TASK INSTRUCTIONS:
Would you please return the data below verbatim, without its pictures?

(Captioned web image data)
* * * * * * * * *
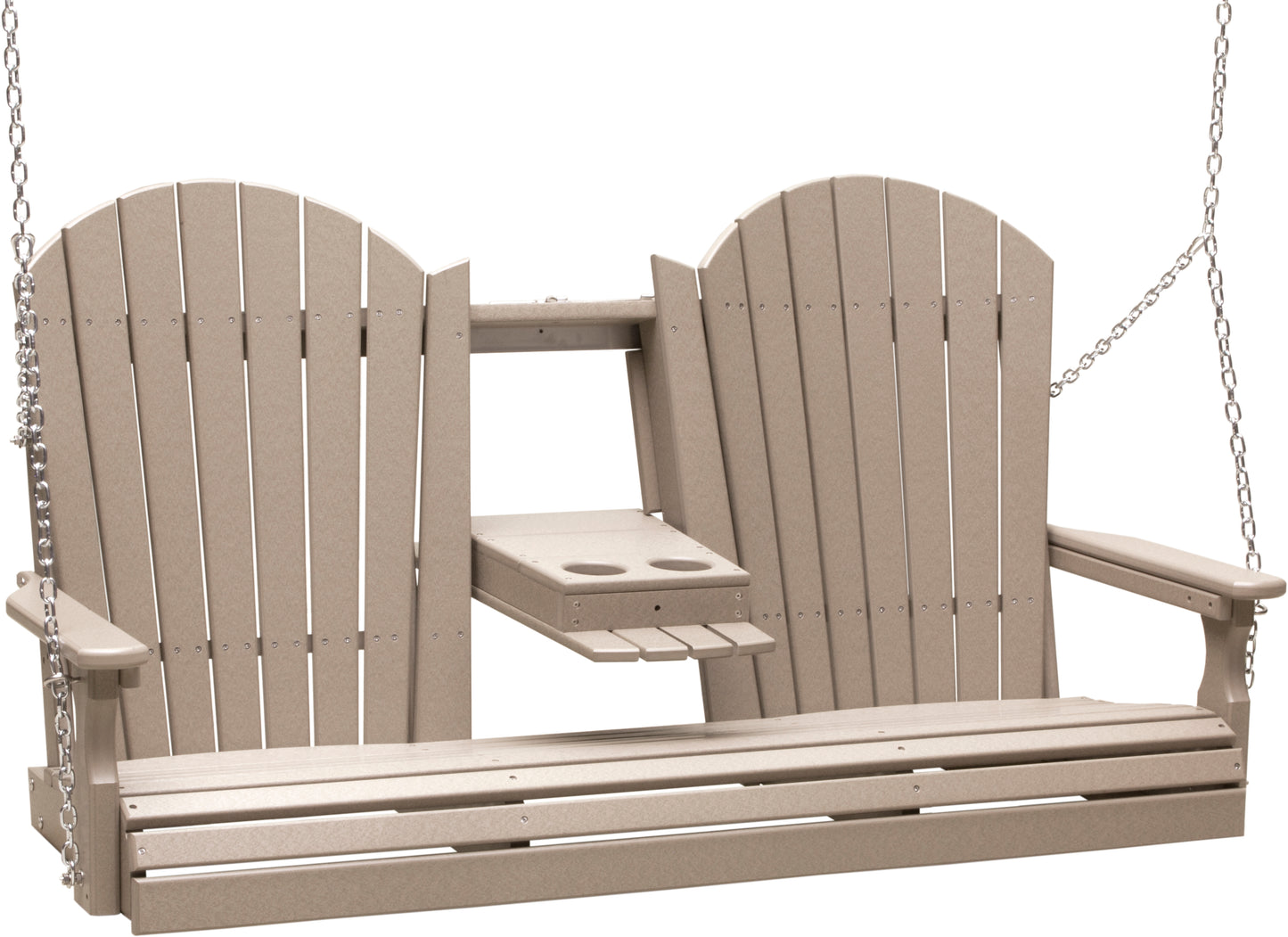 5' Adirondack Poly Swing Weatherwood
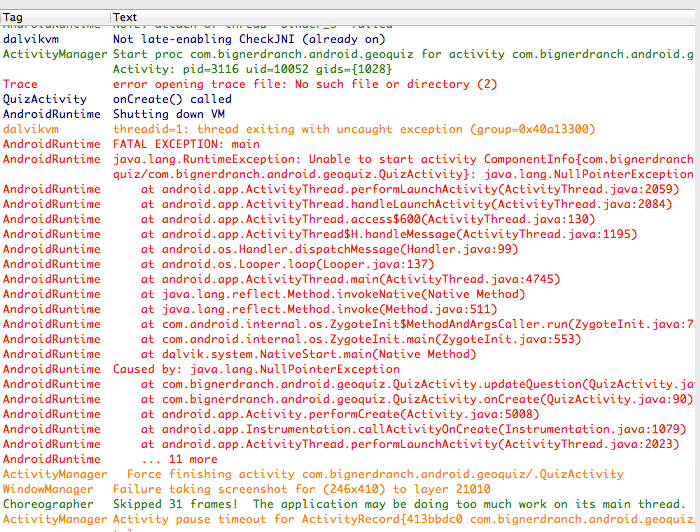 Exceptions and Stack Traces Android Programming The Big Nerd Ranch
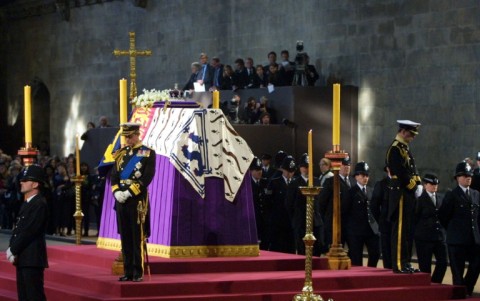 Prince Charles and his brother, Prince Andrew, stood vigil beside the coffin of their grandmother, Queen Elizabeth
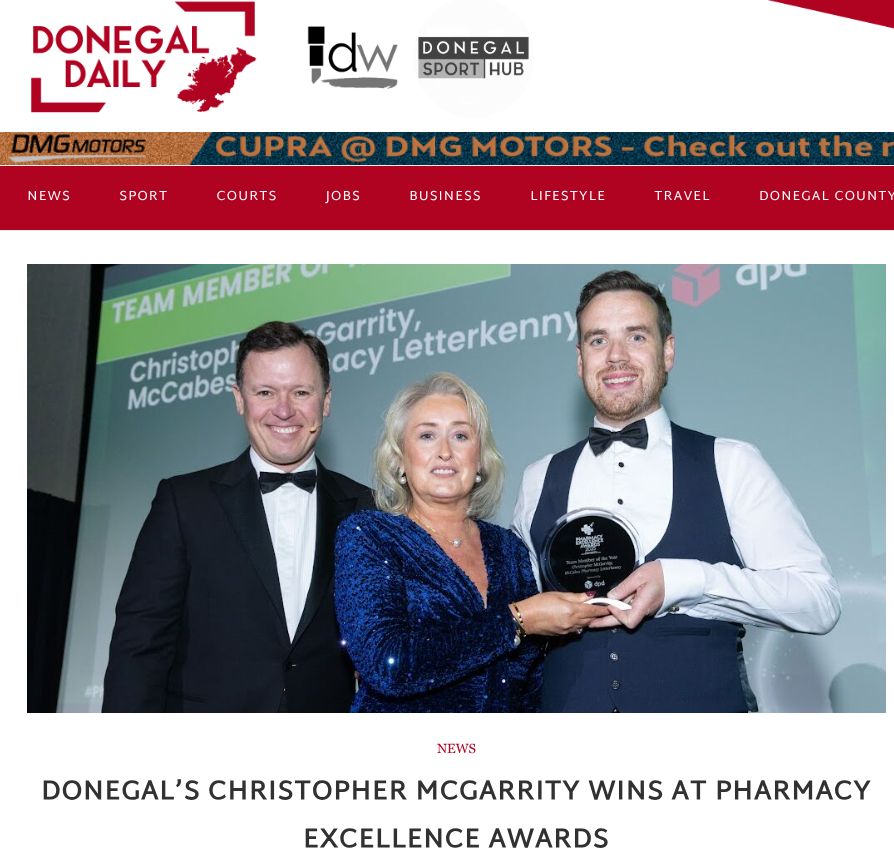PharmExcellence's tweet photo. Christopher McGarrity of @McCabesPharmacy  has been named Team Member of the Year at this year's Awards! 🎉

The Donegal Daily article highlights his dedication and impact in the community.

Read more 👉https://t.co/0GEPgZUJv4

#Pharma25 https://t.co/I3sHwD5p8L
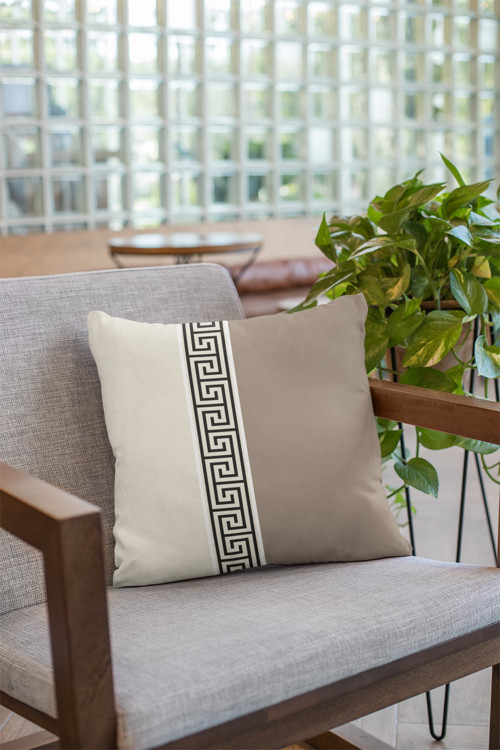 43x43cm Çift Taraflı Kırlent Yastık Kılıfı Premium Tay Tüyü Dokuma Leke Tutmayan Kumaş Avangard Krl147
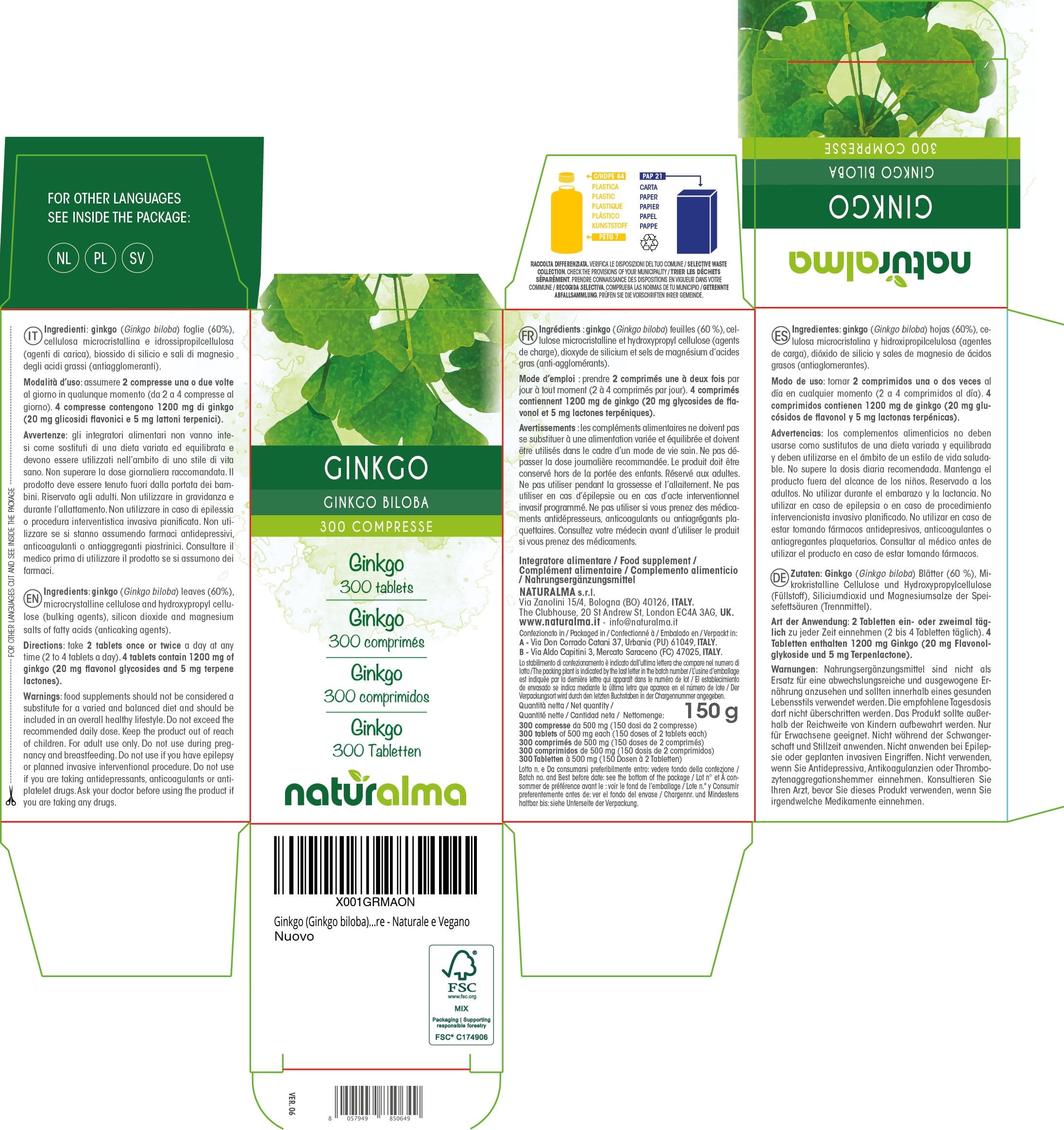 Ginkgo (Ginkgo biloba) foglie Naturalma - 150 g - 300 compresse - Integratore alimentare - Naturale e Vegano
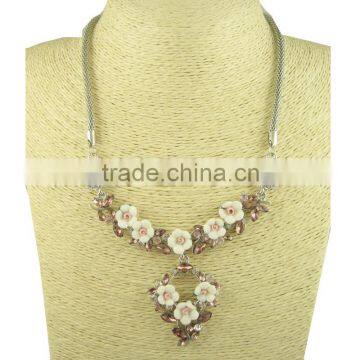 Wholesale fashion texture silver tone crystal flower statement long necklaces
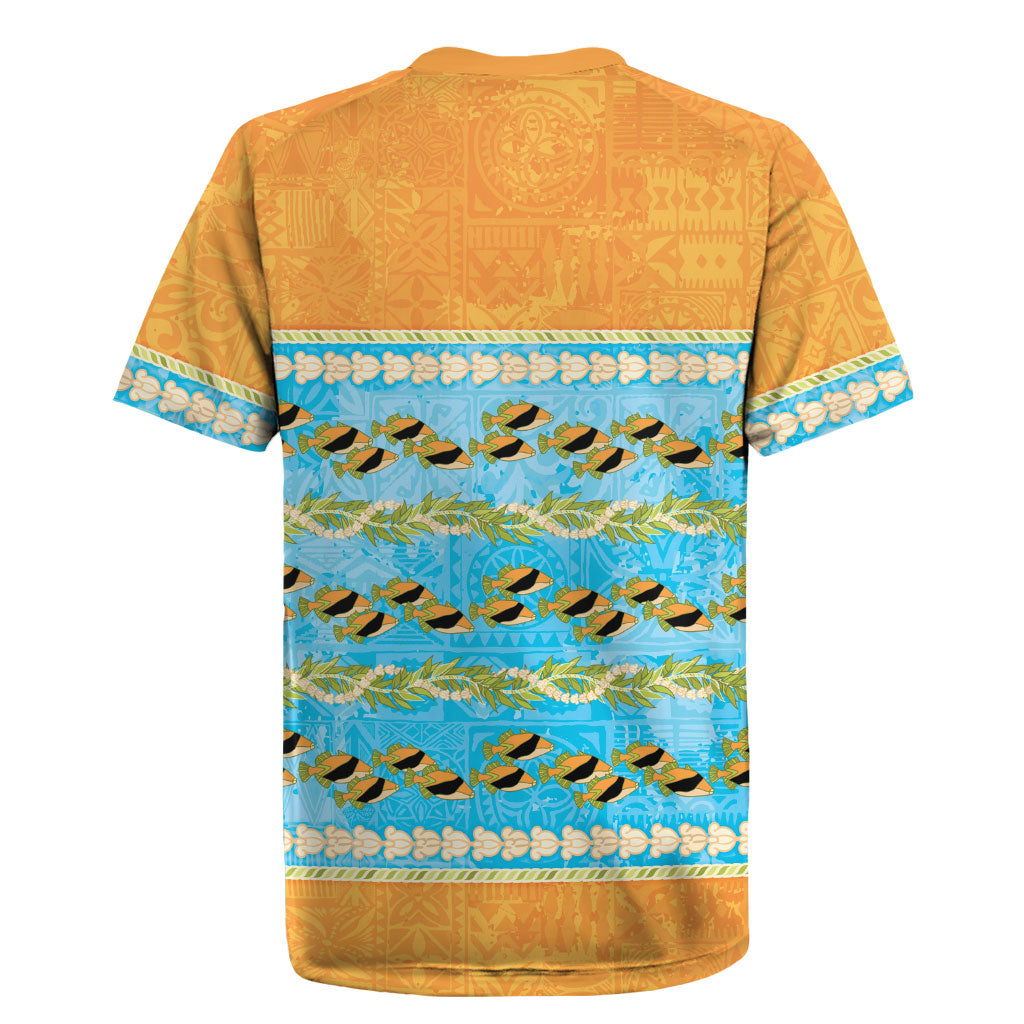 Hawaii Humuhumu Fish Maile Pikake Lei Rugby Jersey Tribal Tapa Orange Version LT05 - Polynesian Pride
* * * * * * * * *
ANSWER:
 5' Adirondack Poly Swing Weatherwood
 Exceptions and Stack Traces Android Programming The Big Nerd Ranch
 Prince Charles and his brother, Prince Andrew, stood vigil beside the coffin of their grandmother, Queen Elizabeth
PharmExcellence's tweet photo. Christopher McGarrity of @McCabesPharmacy  has been named Team Member of the Year at this year's Awards! 🎉

The Donegal Daily article highlights his dedication and impact in the community.

Read more 👉https://t.co/0GEPgZUJv4

#Pharma25 https://t.co/I3sHwD5p8L
 43x43cm Çift Taraflı Kırlent Yastık Kılıfı Premium Tay Tüyü Dokuma Leke Tutmayan Kumaş Avangard Krl147
 Ginkgo (Ginkgo biloba) foglie Naturalma - 150 g - 300 compresse - Integratore alimentare - Naturale e Vegano
 Wholesale fashion texture silver tone crystal flower statement long necklaces
 Hawaii Humuhumu Fish Maile Pikake Lei Rugby Jersey Tribal Tapa Orange Version LT05 - Polynesian Pride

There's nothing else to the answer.